§ **TO DO**
Print the whole listing again exactly as it stands, leaving out any images.

§ **SUPPLIED INFORMATION**
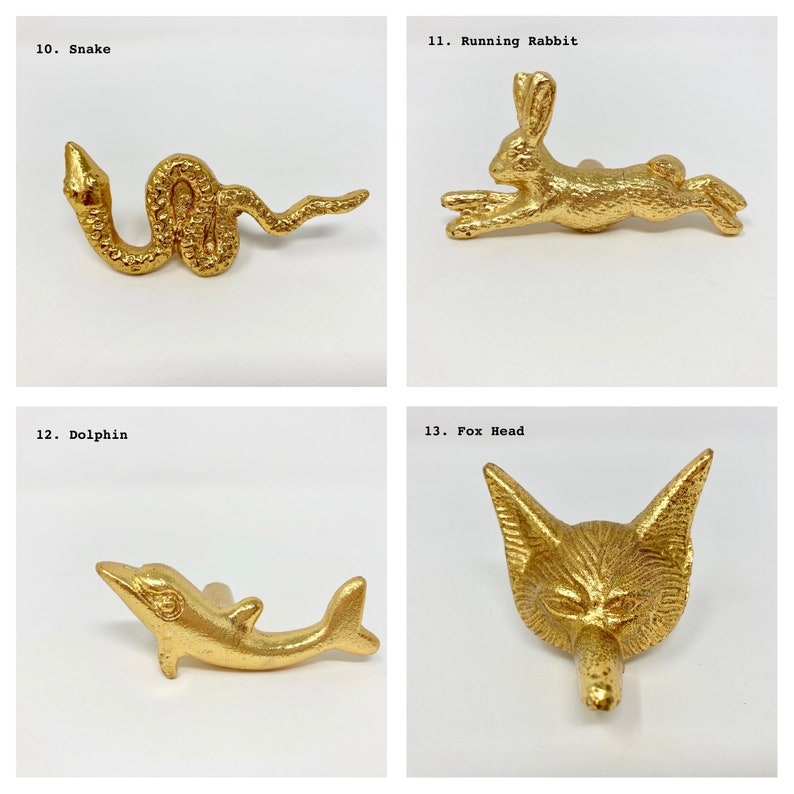 Bright Gold Animal Drawer Knobs Dresser Cabinet Chest of Drawers image 8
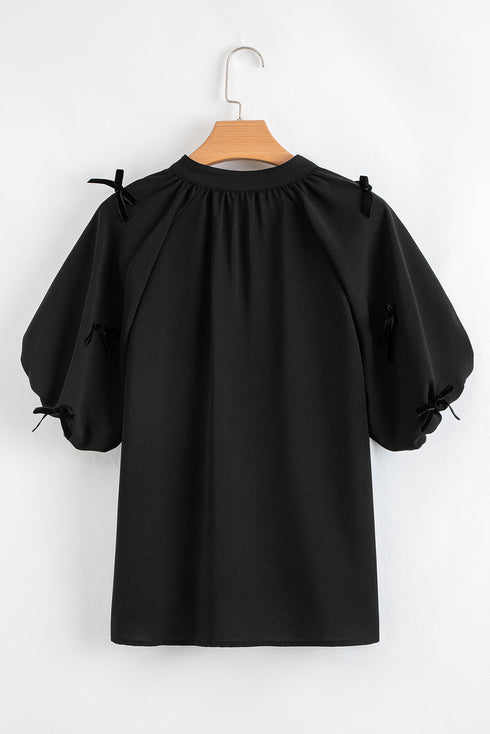 Southern Belle Puff Sleeve Split Neck Bow Blouse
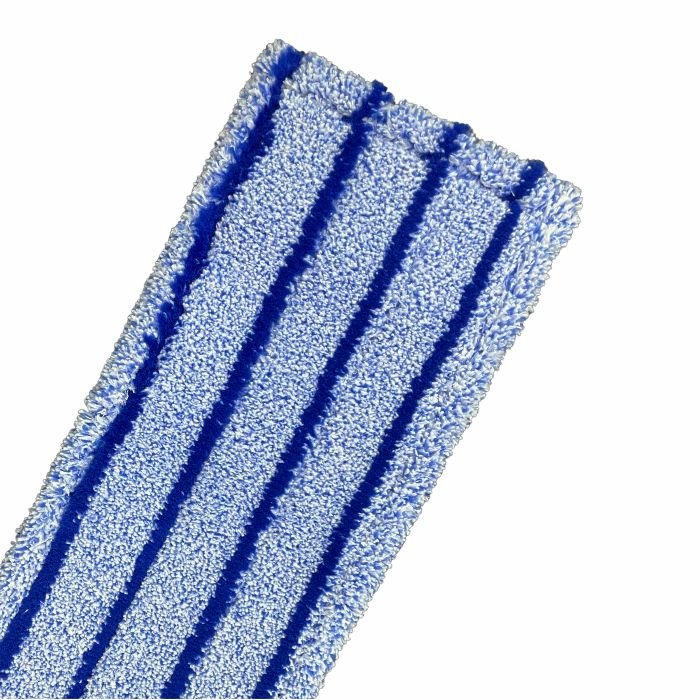 Μια κοντινή λήψη του Arcora RUNNER BLUE - FC OHNE DECKBLATT μικροϊνών σφουγγαρίστρας από την Arcora International GmbH δείχνει το ορθογώνιο σχήμα του με τρεις σκούρες μπλε λωρίδες, ιδανικό για τον καθαρισμό ανθεκτικών δαπέδων.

§ **SOLUTION**
 Bright Gold Animal Drawer Knobs Dresser Cabinet Chest of Drawers image 8
 Southern Belle Puff Sleeve Split Neck Bow Blouse
 Μια κοντινή λήψη του Arcora RUNNER BLUE - FC OHNE DECKBLATT μικροϊνών σφουγγαρίστρας από την Arcora International GmbH δείχνει το ορθογώνιο σχήμα του με τρεις σκούρες μπλε λωρίδες, ιδανικό για τον καθαρισμό ανθεκτικών δαπέδων.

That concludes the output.